## WHAT IS BEING ASKED
Match on the string "avec" in the entries below and return every matching line.
[INPUT FOR THIS TASK]
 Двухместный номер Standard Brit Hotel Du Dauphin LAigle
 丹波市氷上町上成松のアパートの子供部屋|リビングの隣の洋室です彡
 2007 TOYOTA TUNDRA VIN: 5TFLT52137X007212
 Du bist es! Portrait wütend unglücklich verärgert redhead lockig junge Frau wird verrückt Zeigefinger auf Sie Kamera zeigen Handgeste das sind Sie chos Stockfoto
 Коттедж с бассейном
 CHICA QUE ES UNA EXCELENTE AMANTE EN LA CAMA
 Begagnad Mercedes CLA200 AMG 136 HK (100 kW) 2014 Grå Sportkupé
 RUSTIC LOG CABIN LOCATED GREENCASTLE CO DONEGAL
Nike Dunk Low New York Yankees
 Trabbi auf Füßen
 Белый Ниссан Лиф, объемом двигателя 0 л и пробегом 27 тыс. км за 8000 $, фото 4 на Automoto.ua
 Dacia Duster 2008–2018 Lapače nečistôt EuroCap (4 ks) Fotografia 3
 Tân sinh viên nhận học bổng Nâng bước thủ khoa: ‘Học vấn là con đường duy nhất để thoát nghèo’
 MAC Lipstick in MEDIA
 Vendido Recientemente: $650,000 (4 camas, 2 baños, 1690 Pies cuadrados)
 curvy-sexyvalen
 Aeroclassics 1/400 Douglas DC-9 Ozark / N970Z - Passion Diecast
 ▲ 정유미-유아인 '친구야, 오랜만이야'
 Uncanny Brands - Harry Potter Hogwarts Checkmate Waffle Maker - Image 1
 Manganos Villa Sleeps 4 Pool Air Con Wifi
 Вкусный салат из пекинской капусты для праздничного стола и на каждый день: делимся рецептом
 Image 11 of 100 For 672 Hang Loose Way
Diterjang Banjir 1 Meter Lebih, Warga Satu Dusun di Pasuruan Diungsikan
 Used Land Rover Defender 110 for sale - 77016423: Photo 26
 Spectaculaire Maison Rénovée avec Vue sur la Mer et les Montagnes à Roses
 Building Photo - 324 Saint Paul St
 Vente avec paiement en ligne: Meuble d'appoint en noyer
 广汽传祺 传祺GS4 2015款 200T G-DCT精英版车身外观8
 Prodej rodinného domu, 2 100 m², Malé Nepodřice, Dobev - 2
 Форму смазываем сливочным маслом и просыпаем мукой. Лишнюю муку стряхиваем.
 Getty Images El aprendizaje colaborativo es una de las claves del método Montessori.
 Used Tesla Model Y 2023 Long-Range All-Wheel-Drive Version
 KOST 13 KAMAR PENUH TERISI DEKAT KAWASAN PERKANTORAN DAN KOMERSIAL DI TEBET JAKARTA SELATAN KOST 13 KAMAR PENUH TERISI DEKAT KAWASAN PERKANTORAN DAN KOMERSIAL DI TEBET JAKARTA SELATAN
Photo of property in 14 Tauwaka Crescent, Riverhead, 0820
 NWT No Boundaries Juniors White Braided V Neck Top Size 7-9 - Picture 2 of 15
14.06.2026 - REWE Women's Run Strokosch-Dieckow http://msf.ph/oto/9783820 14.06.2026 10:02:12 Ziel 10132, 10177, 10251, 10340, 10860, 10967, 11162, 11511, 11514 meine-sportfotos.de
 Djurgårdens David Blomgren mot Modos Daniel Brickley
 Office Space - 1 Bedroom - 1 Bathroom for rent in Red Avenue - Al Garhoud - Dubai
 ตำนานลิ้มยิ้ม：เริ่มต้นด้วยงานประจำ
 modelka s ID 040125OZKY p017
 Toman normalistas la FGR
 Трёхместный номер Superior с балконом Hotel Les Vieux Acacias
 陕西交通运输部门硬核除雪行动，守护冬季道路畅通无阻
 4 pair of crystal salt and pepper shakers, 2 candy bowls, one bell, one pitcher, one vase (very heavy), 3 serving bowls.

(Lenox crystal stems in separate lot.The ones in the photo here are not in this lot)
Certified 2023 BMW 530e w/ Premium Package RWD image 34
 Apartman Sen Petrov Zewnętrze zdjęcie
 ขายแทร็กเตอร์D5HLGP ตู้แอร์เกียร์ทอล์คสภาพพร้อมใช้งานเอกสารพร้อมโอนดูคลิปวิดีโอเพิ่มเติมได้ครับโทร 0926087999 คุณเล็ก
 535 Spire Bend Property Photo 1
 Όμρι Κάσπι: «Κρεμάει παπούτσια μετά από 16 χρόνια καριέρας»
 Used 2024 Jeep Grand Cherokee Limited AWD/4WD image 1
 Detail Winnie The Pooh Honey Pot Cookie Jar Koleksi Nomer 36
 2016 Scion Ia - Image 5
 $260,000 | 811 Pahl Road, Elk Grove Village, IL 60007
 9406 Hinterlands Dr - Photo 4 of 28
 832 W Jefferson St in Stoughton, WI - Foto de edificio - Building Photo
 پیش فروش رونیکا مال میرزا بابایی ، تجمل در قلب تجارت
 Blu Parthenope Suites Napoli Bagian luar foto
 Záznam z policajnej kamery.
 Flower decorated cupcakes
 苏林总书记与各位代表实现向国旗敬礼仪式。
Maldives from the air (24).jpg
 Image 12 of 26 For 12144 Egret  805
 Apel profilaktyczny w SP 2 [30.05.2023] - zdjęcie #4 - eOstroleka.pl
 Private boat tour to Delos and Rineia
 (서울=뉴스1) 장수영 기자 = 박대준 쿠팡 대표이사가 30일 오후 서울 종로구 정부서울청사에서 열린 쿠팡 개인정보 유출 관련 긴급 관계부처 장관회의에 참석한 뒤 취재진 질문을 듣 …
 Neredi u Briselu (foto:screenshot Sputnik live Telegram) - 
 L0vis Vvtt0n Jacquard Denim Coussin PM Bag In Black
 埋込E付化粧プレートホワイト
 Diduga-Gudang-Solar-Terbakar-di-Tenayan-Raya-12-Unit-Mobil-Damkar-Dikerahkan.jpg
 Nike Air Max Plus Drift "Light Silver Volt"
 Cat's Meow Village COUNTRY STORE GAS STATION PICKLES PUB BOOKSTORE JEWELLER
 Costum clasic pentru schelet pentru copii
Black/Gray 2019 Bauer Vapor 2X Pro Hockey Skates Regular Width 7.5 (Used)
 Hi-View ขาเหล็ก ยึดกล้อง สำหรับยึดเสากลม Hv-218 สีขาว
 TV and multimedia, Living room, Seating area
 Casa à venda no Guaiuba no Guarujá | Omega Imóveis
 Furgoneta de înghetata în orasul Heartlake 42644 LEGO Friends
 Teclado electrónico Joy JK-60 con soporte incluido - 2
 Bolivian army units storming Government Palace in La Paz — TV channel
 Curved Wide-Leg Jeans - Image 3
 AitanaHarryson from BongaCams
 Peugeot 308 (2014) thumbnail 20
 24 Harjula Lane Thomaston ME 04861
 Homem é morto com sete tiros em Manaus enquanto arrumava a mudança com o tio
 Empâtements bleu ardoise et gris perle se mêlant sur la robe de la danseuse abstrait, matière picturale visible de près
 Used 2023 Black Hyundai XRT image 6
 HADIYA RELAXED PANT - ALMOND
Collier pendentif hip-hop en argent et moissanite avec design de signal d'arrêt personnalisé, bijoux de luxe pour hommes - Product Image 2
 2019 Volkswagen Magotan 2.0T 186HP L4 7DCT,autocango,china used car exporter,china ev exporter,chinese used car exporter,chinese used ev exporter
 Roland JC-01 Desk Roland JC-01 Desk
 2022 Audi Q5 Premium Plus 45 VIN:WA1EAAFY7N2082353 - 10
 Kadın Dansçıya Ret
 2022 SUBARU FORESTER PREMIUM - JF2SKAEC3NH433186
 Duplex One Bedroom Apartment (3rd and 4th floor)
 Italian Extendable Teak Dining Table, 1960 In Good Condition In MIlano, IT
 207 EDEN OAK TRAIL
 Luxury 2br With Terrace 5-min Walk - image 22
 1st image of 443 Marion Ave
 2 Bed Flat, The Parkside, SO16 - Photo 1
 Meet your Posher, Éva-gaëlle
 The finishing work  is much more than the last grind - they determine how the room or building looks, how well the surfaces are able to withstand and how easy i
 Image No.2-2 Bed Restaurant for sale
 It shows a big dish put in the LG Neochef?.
[/INPUT FOR THIS TASK]
## REPLY TO THE EXERCISE
 Spectaculaire Maison Rénovée avec Vue sur la Mer et les Montagnes à Roses
 Vente avec paiement en ligne: Meuble d'appoint en noyer
Collier pendentif hip-hop en argent et moissanite avec design de signal d'arrêt personnalisé, bijoux de luxe pour hommes - Product Image 2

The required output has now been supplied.